Les désordres n’étant pas de nature décennale, les maîtres de l’ouvrage n’établissant pas qu’ils puissent constituer des dommages intermédiaires et les deux dernières garanties étant sans lien avec les désordres constatés, et peu important que les conditions particulières n’aient pas été signées par l’entreprise assurée dès lors que celle-ci avait remis une attestation de responsabilité décennale aux maîtres de l’ouvrage.
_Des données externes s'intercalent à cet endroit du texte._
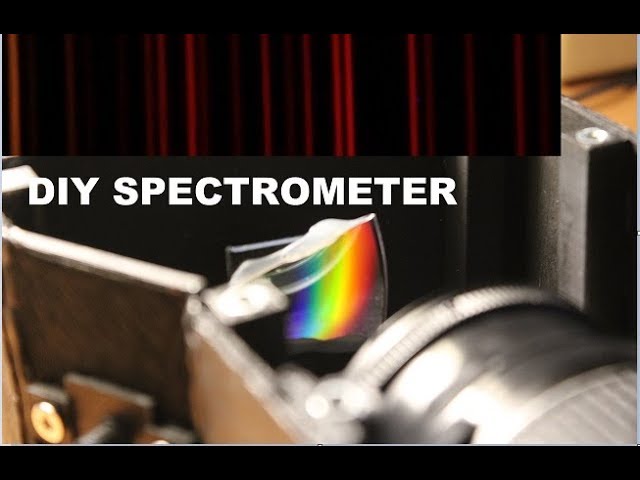 Make A DIY Spectroscope - Little Bins for Little Hands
Ces derniers ne rapportaient donc pas la preuve de l’existence d’un contrat distinct couvrant les dommages dont ils sollicitaient l’indemnisation tant au titre de la garantie de parfait achèvement que de la responsabilité contractuelle de droit commun à raison de désordres réservés à la réception.
Dès lors, les demandes contre l’assureur ne peuvent être accueillies à ce titre.
Toutefois, il résulte de l’article L. 112-3 du code des assurances que, lorsque le bénéfice du contrat d’assurance est invoqué par le tiers victime, il appartient à l’assureur de démontrer, en versant le contrat aux débats, qu’il ne devait pas sa garantie pour le sinistre objet du litige.
En l’espèce, pour rejeter la demande des maîtres de l’ouvrage qui sollicitaient la garantie de l’assureur, l’arrêt retient que ce dernier produisait les conditions particulières du contrat multirisque artisan du bâtiment au nom de l’entreprise de gros oeuvre et les conditions générales « Multirisque Artisan du bâtiment » non datées, et que, l’assureur pouvant rapporter par tous moyens la preuve du contrat et de son contenu et l’opposer au tiers lésé, le contrat produit rapportait cette preuve.
Or, les conditions particulières n’étant pas signées et aucun élément ne permettant d’affirmer que les conditions générales s’appliquaient à ce contrat, l’assureur ne pouvait apporter la preuve du contenu du contrat et l’opposer au tiers lésé.